Dans cette compétition d'insouciance quant à l'intégrité numérique des enseignants québécois, l'ineffable Éric Caire, ministre délégué à la Transformation numérique, mérite la palme. Ce dernier, qui se dit «désolé», ne se sent pas obligé de présenter des excuses au personnel enseignant. Il rejette plutôt le blâme sur l'administration précédente et refuse de garantir qu'une telle situation ne se reproduira pas. Peut-être faudrait-il rappeler à M. Caire la différence entre représenter l'État québécois et faire de la «petite politique»? Peut-être M. Caire souffre-t-il d'amnésie  mais il a manifestement oublié que son parti a été élu en octobre 2018 et n'a rien fait dans ce dossier précis pendant près de 15 mois. Concernant le même troublant épisode d'oubli, peut-on lui rappeler qu'en décembre 2019, pendant qu'on savait tous que des fraudeurs utilisaient les renseignements qu'ils avaient volés et que son gouvernement semblait inactif, il songeait - ironie - à imposer de sévères amendes aux entreprises qui protègent mal les données personnelles de leurs clients?

Maintenant, pour ceux que nous élisons afin de défendre nos droits comme travailleurs, que comptent-ils faire pour que nous soyons compensés pour tous les désagréments subis par ce manque de protection adéquate de nos données personnelles? Je connais des firmes d'avocats qui salivent en pensant à un éventuel recours collectif.  Mais pourquoi leur verserait-on de généreux honoraires quand nous disposons déjà de services juridiques au sein de nos associations syndicales?

Comme enseignant, lorsque le gouvernement parle de valoriser ma profession, des attitudes comme celle-ci tendent à me prouver que nous sommes peu importants. Comme membre, lorsque l'organisation syndicale à laquelle j'appartiens parle de valoriser ma profession, je m'attends à ce qu'elle travaille activement à faire respecter mes droits. Il serait regrettable que certains profs décident unilatéralement d'entreprendre des recours juridiques, que certains dirigeants syndicaux se fassent dépasser par la base s'ils ne prennent pas ce dossier en main en n'entamant pas rapidement les procédures nécessaires. 

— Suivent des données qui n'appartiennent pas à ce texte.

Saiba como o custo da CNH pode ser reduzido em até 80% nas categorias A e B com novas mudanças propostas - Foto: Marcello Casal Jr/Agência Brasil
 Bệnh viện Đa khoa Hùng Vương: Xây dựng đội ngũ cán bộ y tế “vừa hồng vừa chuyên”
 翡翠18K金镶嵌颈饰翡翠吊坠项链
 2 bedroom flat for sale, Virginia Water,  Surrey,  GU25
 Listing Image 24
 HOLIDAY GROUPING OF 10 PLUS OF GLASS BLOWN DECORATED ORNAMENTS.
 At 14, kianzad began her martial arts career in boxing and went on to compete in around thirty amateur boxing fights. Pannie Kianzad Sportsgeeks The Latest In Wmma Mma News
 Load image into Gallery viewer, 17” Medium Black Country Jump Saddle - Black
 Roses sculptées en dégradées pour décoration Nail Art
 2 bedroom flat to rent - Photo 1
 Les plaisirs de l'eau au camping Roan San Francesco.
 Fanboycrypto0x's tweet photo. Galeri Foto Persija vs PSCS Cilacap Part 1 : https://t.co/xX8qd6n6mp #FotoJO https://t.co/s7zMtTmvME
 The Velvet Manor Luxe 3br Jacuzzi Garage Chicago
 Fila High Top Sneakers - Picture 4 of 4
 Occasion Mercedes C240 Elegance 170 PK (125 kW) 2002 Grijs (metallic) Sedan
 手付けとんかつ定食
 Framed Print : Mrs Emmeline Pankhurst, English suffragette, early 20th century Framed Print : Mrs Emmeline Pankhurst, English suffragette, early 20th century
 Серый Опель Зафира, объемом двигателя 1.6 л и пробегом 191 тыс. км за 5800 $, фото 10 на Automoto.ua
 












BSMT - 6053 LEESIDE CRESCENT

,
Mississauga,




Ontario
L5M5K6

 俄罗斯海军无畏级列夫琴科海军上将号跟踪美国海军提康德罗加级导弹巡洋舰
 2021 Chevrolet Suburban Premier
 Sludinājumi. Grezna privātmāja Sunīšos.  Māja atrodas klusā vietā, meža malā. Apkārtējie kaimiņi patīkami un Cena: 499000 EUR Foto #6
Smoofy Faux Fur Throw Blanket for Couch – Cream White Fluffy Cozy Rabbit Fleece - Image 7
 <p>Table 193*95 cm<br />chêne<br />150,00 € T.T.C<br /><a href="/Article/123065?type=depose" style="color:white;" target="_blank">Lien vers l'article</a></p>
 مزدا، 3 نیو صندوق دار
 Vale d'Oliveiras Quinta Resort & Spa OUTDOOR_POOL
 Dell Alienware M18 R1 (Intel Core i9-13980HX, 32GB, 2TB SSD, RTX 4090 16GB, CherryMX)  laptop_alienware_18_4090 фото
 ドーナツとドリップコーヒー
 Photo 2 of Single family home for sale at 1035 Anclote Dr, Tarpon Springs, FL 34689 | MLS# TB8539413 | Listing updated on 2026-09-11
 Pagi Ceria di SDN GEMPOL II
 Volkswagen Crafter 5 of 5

Il est plus que temps d'agir dans ce dossier. Les épargnants de Desjardins l'ont fait. Est-on plus bêtes qu'eux? On dirait tristement que certains enseignants ou leurs représentants ont fini par intégrer cette idée que «nous sommes nés pour un petit pain».

 


3 commentaires:

Anonyme a dit…

Merci

Mario Jodoin a dit…

«Dans les faits, en éducation, il pourrait y avoir jusqu'à 360 000 victimes potentielles. «Ça touche le niveau primaire, secondaire, collégial, public et privé», confirme Antoine Tousignant»

Oui, mais depuis quand? J'ai reçu la lettre et j'ai enseigné seulement trois cours au cégep en 1979 et 1980!

Le professeur masqué a dit…

Anonyme: Merci!

M. Jodoin: vos données sont automatiquement dans la banque.